Other partners included Grant’s Electrical Services and the Electric Storage Company. The machine supplied by GKinetic has been funded by the +CityxChange project, and is scheduled to be redeployed in Limerick City subject to planning.

Milestones achieved during hydrokinetic turbine demo

The device went from ‘delivery flatpack’ to ‘deployment ready’ in just 40 minutes pierside and was deployed and recovered 12 times throughout the demonstration. This process took 30 minutes or less, verifying how mobile and flexible the unit is, according to GKinetic.

In a tidal estuary, the device can be deployed during slack water between high and low tides, and weighing just 2 tons, it can be easily managed by a telehandling unit, GKinetic claims.

The device was required to be deployed with a Marine Mammal Observer (MMO) and a strict monitoring and shutdown policy. Underwater cameras were fitted to allow for observation of how aquatic life interacted with the turbines and extensive testing of the remote SCADA system demonstrated critical Health & Safety features.

Improved performance, with new patent filed

GKinetic’s first market-ready product (Courtesy of GKinetic Energy)
GKinetic’s first market-ready product (Courtesy of GKinetic Energy)

As part of the demonstration, a new hybrid blade pitch control design was trialed with a new patent filed in April 2022. This new system is said to have enabled the device to self-start, continue producing energy while partially submerged, and increase overall power outputs while also lowering production costs.

The ability of the device to self-orientate in the flow with the changing direction of the flood and ebb tides was also validated along with mooring optimizations. Held on a simple, single point mooring line, the entire system proved extremely stable in the relatively challenging conditions at the Strangford narrows, according to GKinetic.

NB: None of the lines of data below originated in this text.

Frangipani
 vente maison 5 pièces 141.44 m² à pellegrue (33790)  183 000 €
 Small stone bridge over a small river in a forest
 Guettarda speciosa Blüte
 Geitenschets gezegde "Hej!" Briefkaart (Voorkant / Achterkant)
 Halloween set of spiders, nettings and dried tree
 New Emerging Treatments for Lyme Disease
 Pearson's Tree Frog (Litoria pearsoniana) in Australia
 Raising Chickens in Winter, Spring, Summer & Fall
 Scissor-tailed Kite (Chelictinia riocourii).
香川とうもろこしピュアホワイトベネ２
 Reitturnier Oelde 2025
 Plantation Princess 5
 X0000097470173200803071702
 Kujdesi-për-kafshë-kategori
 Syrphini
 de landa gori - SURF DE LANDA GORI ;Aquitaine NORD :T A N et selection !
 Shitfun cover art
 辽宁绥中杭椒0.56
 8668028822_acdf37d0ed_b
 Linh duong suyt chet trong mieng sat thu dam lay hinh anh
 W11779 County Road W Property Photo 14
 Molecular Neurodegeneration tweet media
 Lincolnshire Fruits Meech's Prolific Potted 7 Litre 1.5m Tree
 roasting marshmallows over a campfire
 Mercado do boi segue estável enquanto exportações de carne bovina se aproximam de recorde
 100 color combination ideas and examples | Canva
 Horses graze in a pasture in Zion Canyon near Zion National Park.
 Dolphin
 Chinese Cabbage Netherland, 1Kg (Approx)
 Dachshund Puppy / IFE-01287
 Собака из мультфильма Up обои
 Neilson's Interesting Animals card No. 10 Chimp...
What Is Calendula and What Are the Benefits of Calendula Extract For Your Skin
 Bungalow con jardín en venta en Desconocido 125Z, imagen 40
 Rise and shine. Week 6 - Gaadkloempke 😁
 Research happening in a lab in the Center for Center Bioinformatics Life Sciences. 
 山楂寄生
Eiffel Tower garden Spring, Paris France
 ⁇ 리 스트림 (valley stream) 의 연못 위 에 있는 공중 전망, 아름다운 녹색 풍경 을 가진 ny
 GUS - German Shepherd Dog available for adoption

The turbine works in both one-way flow systems (such as rivers) and bi-directional, tidal flow systems (such as estuaries) while being easily accessible when on anchor or mooring, very similar to a boat.

On-board self-generating power was achieved, powering all control, monitoring and operational systems (ADCP’s, comms systems, SCADA systems, underwater cameras, security cameras, monitoring, lighting, among others).

“A 100% self-sufficient device is extremely valuable for off-grid applications and scenarios where a constant and reliable source of power is needed,” GKinetic said.

First market-ready product for various locations

The 12kW unit demonstrated is GKinetic’s first market-ready product. What makes it innovative is how it can generate power in slower, more average flow speeds, self-starting in 0.5 m/s and hitting rated capacity at just 2m/s, according to GKinetic.

To validate strength, drag, load and force calculations, the unit was tested at forces three times beyond what was required, with all mechanical parts performing exceptionally well, the company claims.

“The result is an energy generator ideal for baseload and distributed energy requirements where diesel and petrol generators currently serve as the main, stop-gap solution. A case study proving generator displacement was also completed as part of the demonstration,” GKinetic said.

Acting as ‘a floating charge station’, the turbine can supply clean, reliable power for a variety of use cases.

GKinetic’s deployment approach along with the progress made on the regulatory and environmental side could trigger mass adoption of the solution, resulting in large scale contribution towards the Sustainable Development Goals in as little as 2-3 years, the company expects.

Following this progress and a successful seed raise in December 2021, GKinetic said it will be publicly opening a new fundraising round in October, with more details to follow soon.